ASSIGNMENT =>
Everything in the listing should be transcribed exactly, apart from the pictures.

DATASET EXCERPT =>
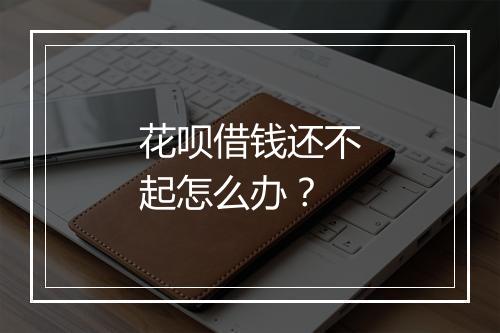 花呗借钱还不起怎么办？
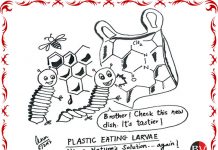 Nature’s cure: the plastic eating larvae! (By Dr Anju D Vaish)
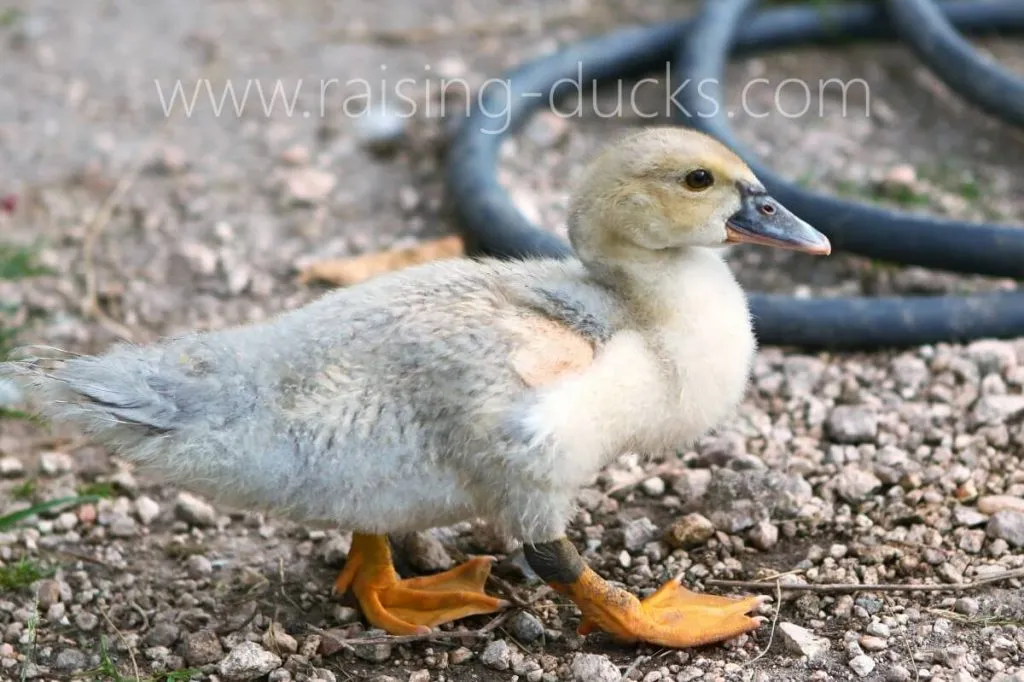 4-week-old male muscovy duckling sexing ducks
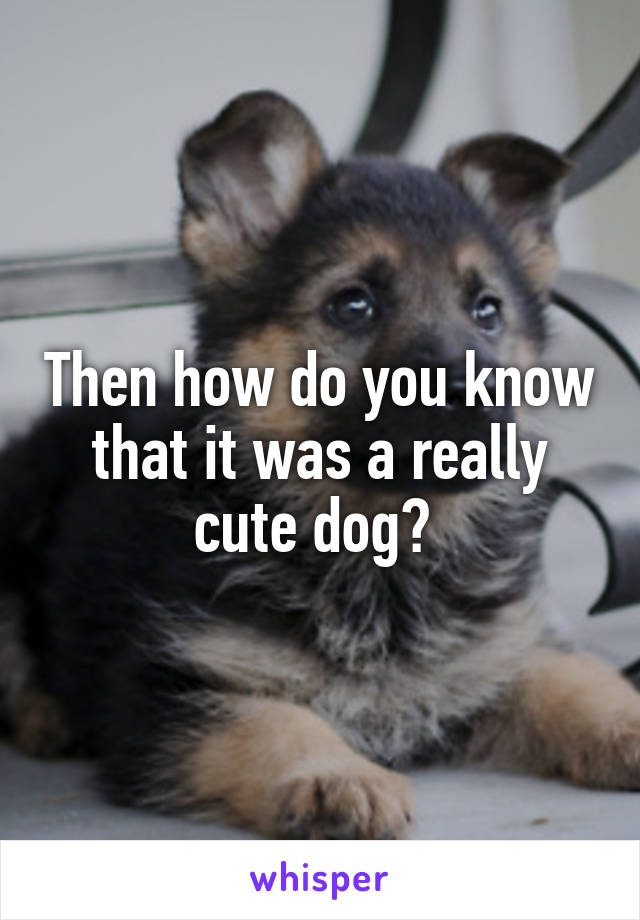 Then how do you know that it was a really cute dog?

RESPONSE BELOW =>
 花呗借钱还不起怎么办？
 Nature’s cure: the plastic eating larvae! (By Dr Anju D Vaish)
 4-week-old male muscovy duckling sexing ducks
 Then how do you know that it was a really cute dog?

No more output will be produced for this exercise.